German 10-year bond yields briefly traded below 1 percent for the first time ever, after the disappointing data from the supposed powerhouse of Europe.
Spanish and French bond yields also plumbed record lows as the bloc’s grim growth outlook increased pressure on the European Central Bank to eventually print money to support an economy bracing for the impact of tit-for-tat sanctions between the West and Russia over Ukraine.
Thursday’s data is the latest in a weak run. On Wednesday numbers showed a surprise fall in euro zone industrial production in June, while on Tuesday a survey showed investor sentiment in Germany at its lowest in over 18 months.
“The overall picture is one of weakness coming from Europe and that’s going to keep the euro very much under pressure,” said Ian Stannard, head of European currency strategy at Morgan Stanley in London.
“That highlights the divergence we’re seeing in the G10, with disappointing data coming from most countries, with the exception being the United States, and that’s going to keep the dollar supported across the board.”
The dollar index stayed close to an 11-month high hit last week, up almost 0.1 percent on the day at 81.540.
A better-than-expected rise in New Zealand’s second quarter retail sales helped to give the kiwi a boost, pushing it to a 1-1/2 week high of $0.8509. It last traded at $0.8503, up over half a percent on the day - the biggest move among developed currencies.
Sterling continued to be on the defensive after the Bank of England surprised investors on Wednesday by signalling it was in no hurry to raise interest rates.
The pound hit a four-month low of $1.6657 before recovering a little to trade at $1.6679, flat on the day. That followed a 0.7 percent fall on Wednesday - its biggest drop in over six months.
Wrong-footing the market again, BoE Governor Mark Carney indicated that earnings developments would be key to the exact timing of a rate move as the central bank slashed its forecast for wage growth.
Just a few months ago, Carney made sterling jump by warning investors that they were not sufficiently pricing in the chance of an early increase in record-low rates.

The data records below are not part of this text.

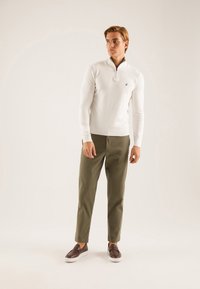 Maglione bianco a mezza zip, attillato, con polsini e orlo a costine. Pantaloni verde oliva, a taglio dritto, con scarpe brown senza lacci. Logo discreto sul maglione.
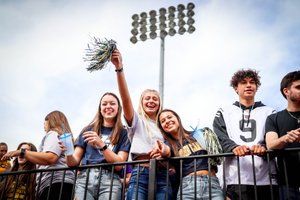 A group of young people stand behind a railing outdoors, smiling, holding drinks and pom-poms under stadium lights.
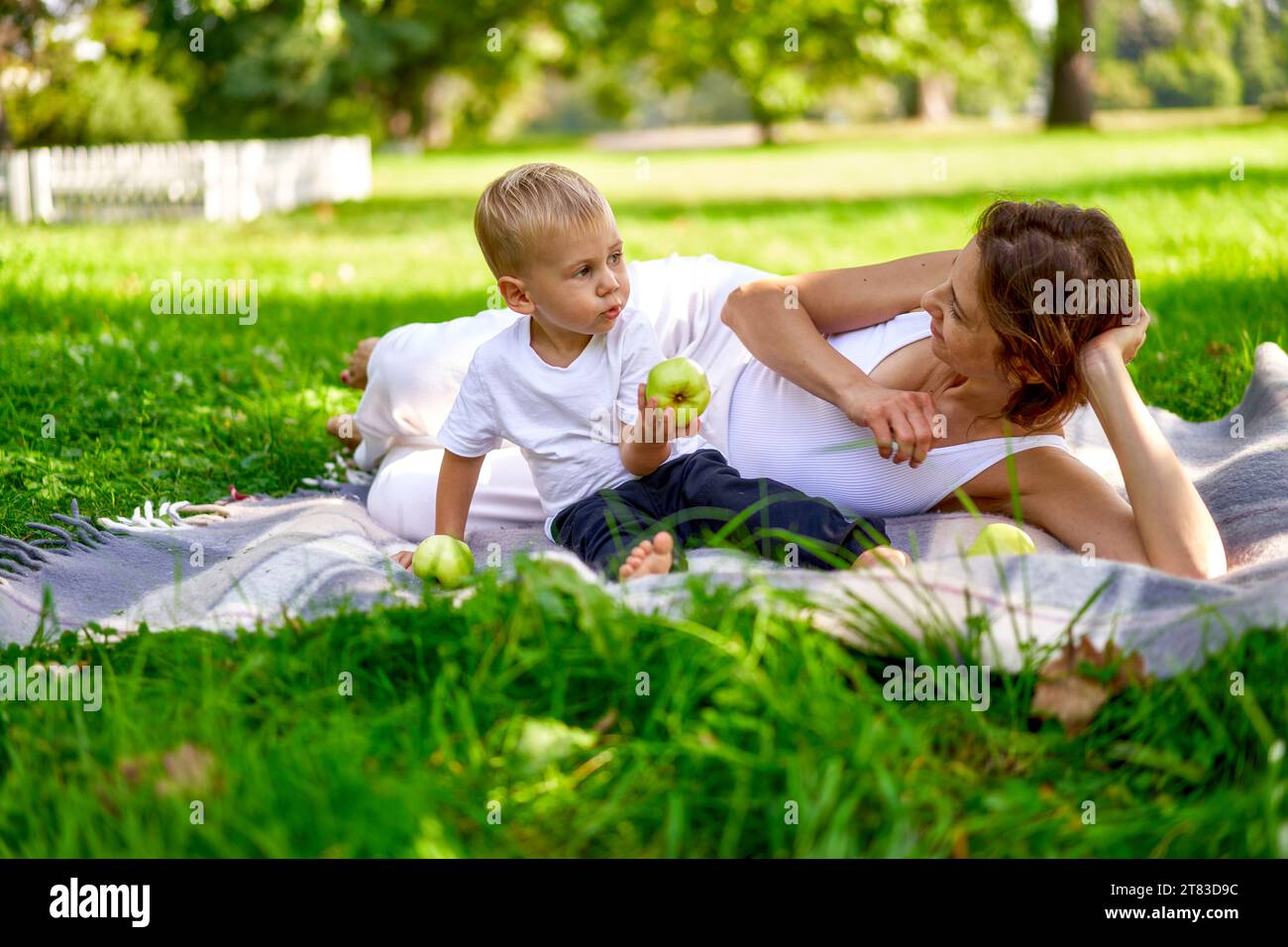 Mama in weißen Kleidern ruht mit ihrem Kind im Park auf grünem Gras. Gute Eltern draußen. Lifestyle. Stockfoto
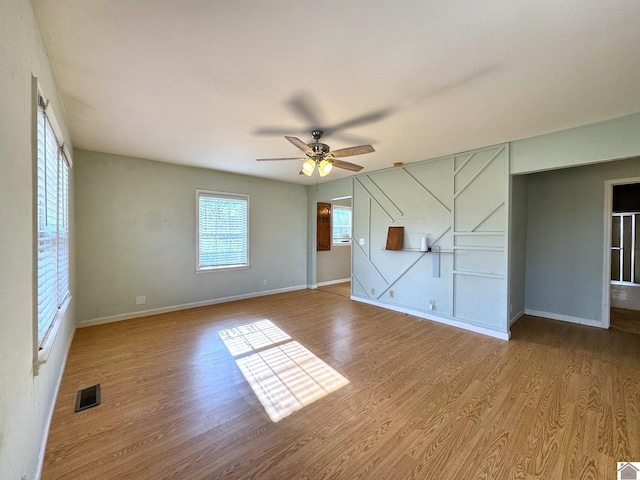 empty room with ceiling fan and light wood-type flooring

Given the shift in Carney’s comments, it may be difficult to find reasons to buy the pound, said Masafumi Yamamoto, market strategist for Praevidentia Strategy in Tokyo.
“I think we could start to see people chase the current momentum and aggressively build short positions,” he said. (Additional reporting by Ian Chua in Sydney and Masayuki Kitano in Singapore; Editing by Kevin Liffey)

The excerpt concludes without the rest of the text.